● Exercise goal:
No pictures go into the copy. Write out every line below exactly.

● Stored data:
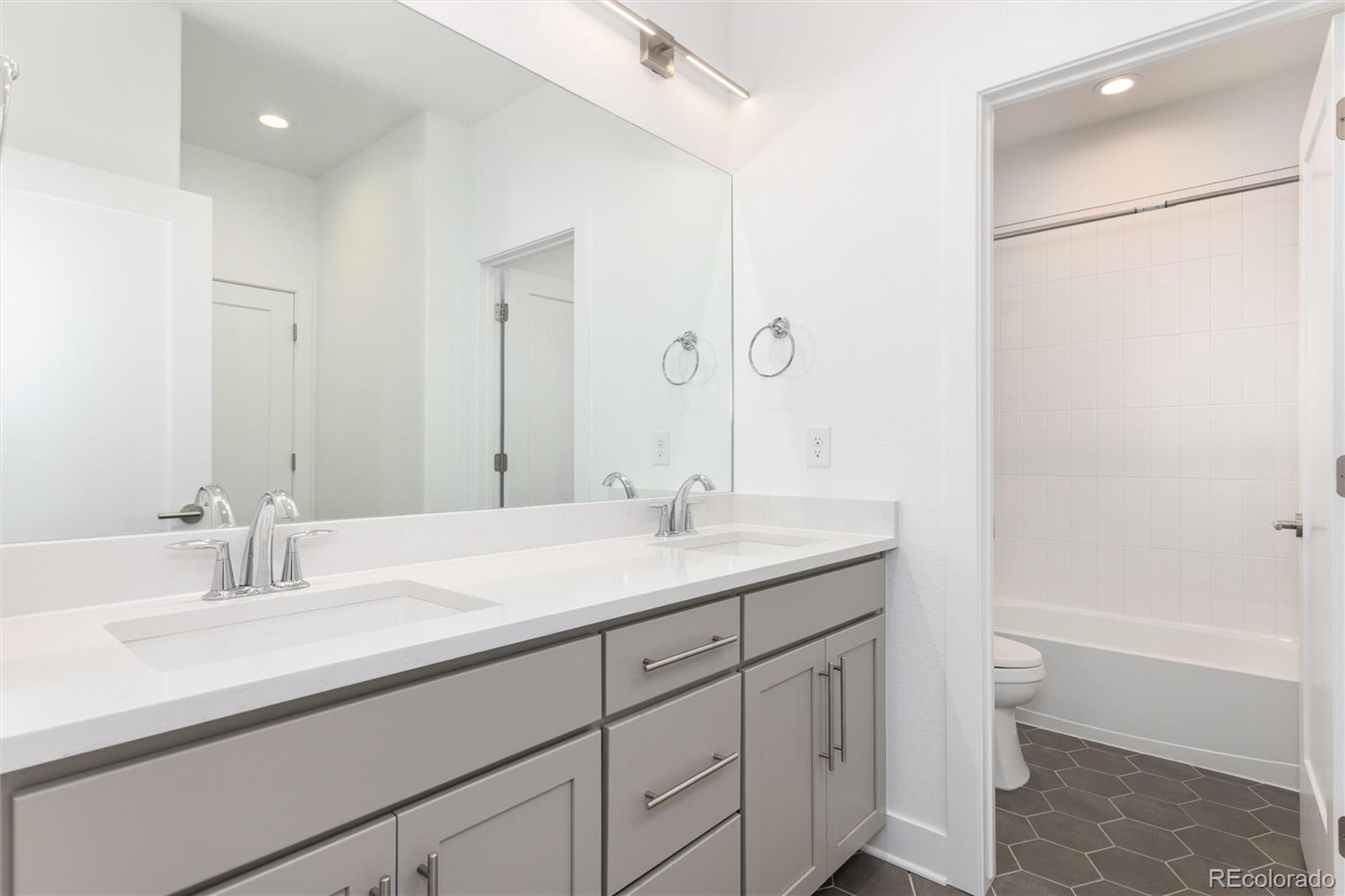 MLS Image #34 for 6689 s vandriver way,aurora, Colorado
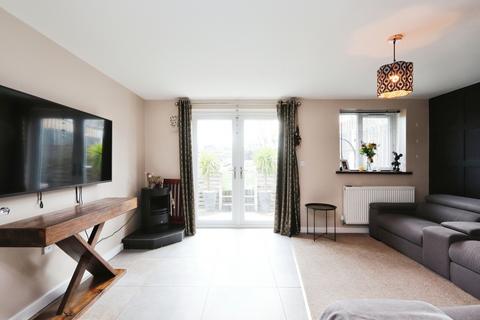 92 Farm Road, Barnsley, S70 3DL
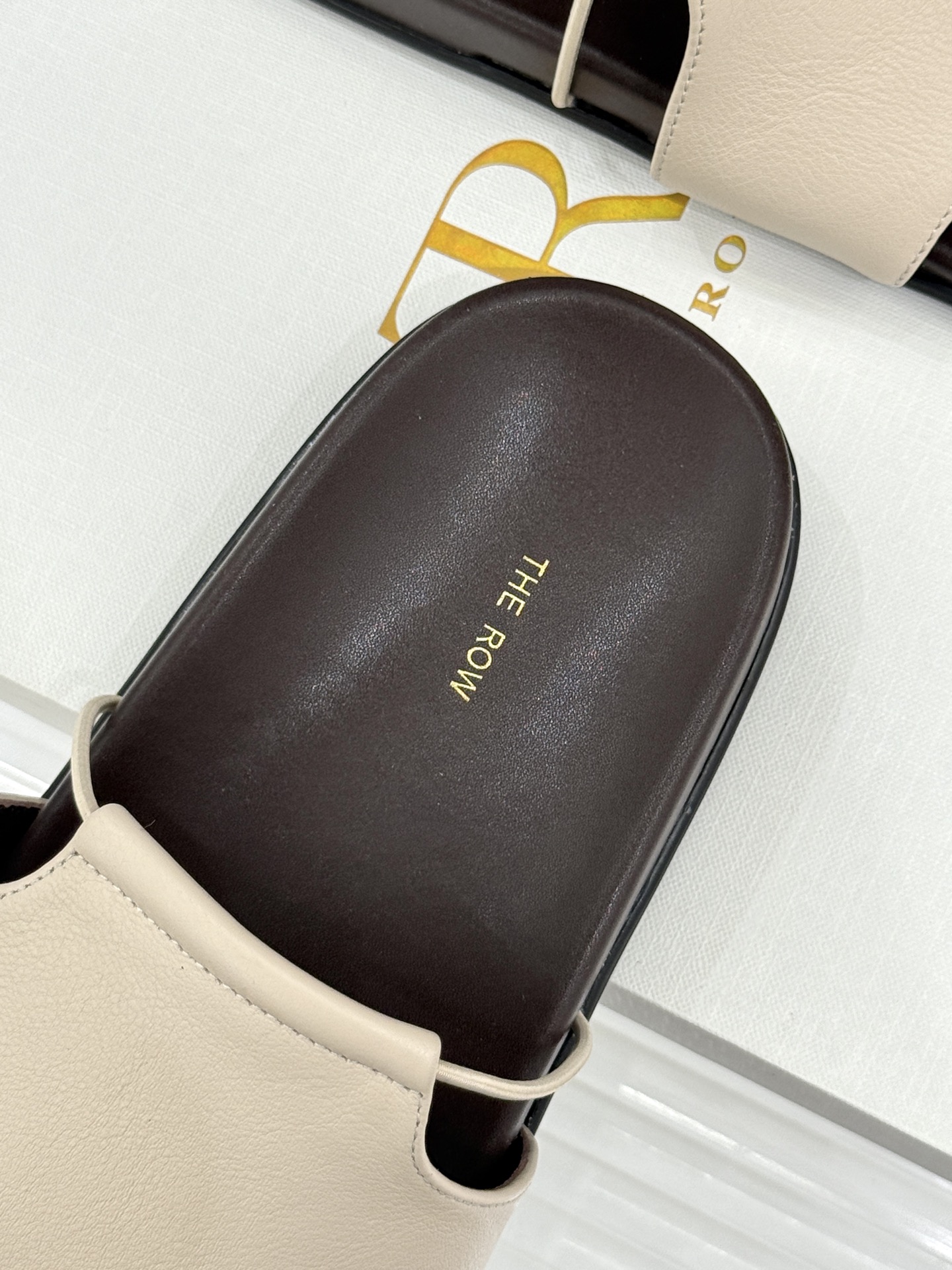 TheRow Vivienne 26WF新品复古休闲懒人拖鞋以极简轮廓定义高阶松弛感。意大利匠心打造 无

● Solution to the exercise:
 MLS Image #34 for 6689 s vandriver way,aurora, Colorado
 92 Farm Road, Barnsley, S70 3DL
 TheRow Vivienne 26WF新品复古休闲懒人拖鞋以极简轮廓定义高阶松弛感。意大利匠心打造 无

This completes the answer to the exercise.